Lauren Potter in Because I Can by Eva Recacha Credit: Camilla Greenwell

“We’re in an industry that’s about youth and energy, with lots of force and speed. Through this piece, I’m proposing we resist all the ‘epicness’. What if we do something that doesn’t need to fight to occupy its space? Through Because I Can, we brought something that does not achieve any of those staples of the dance industry. Physicality doesn’t have to be about being feisty and all-powerful. Instead, it can be an archive of all those daily occurrences that have shaped the body over the years.”

As well as a creative performance, Because I Can was a creative methodology to understand, discuss and interrogate notions of age in the dance world, and explore who can appear on stage as a dancer. Lauren was also invited to perform the piece at the Ageless Festival, where it was very positively received.
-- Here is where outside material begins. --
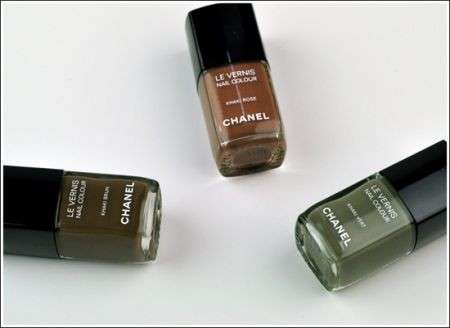 Chanel Les Khakis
Another aspect of Eva’s work that speaks to inclusivity is SUR, a project that is currently in progress in collaboration with the sound artist Alberto Ruiz Soler. The idea of this is to use audio description as a creative tool, and not as something that comes after creating a piece of dance to make it accessible.

“It’s a layer of research on my work that looks at audio description as being a creative methodology, not merely a functional tool,” Eva explained. “We’re trying to make work that is inherently accessible, that does not need extra access tools. So we want to use the same format for people who are sighted, partially sighted and non-sighted. It's a real challenge, because audio description is a killer of excitement! It's a real balance to use it to generate something that's interesting and dramatically exciting.”

To research the best approach to this, Eva and Alberto have been consulting and holding workshops with blind people, and they’re working with consultants who specialise in audio description and in blind and partially sighted needs. “We are having constant exchange and dialogue, and we're testing our ideas,” Eva said. “We’re exploring different methods for creating something that’s not ocular centric, and that doesn’t need to be explained.”

The Picnic by Eva Recacha, performed at Sadler's Wells Credit: Camilla Greenwell

Towards inclusion and personal experiences

Eva sees every piece of creative work or research she embarks on as a learning process. Through her work with Lauren Potter, she wanted to understand what was really important to her. “She’s a very iconic performer, she’s performed with everyone who is big in this country,” Eva said. “But all her stories were about things much closer to her, like remembering her mother in her garden. For me this was a journey of reclaiming all these things that exist in your body – those fragments of history that make you who you are, as opposed to the line of achievement.”

Similarly through her work on SUR so far, Eva is focused on listening to the experiences of the people she’s working with and trying to support. “It’s opening up my world,” Eva said. “Through the workshops with blind people, I’ve realised the words I’m using mean different things to each of us. It’s made me think about how I build an experience of a particular word in a body that’s not mine.”

Ultimately, Eva’s goal for SUR is “to generate something where you feel satisfied with what you are receiving, that you don't think that you're missing on something that other people are getting.” The process of understanding how blind and partially sighted people feel and interpret dance has showed Eva that difference is normal. “It won't be the same for everyone,” Eva said. “If you have different ways of sensing the world, you're not going to have the same experience. But I don't want someone to need an extra help to understand it.”

In the future, Eva would like to pursue research questions on collectivity and the identity of a group within dance. She also believes that there’s real merit in taking more notice of the things and people around us, and what we can do when we focus on community. “If we’re going to make any changes to how we live and to what are we doing to the planet, I think we really need to stop thinking about achieving and having a personal quest to thrive. We need to think about things differently.”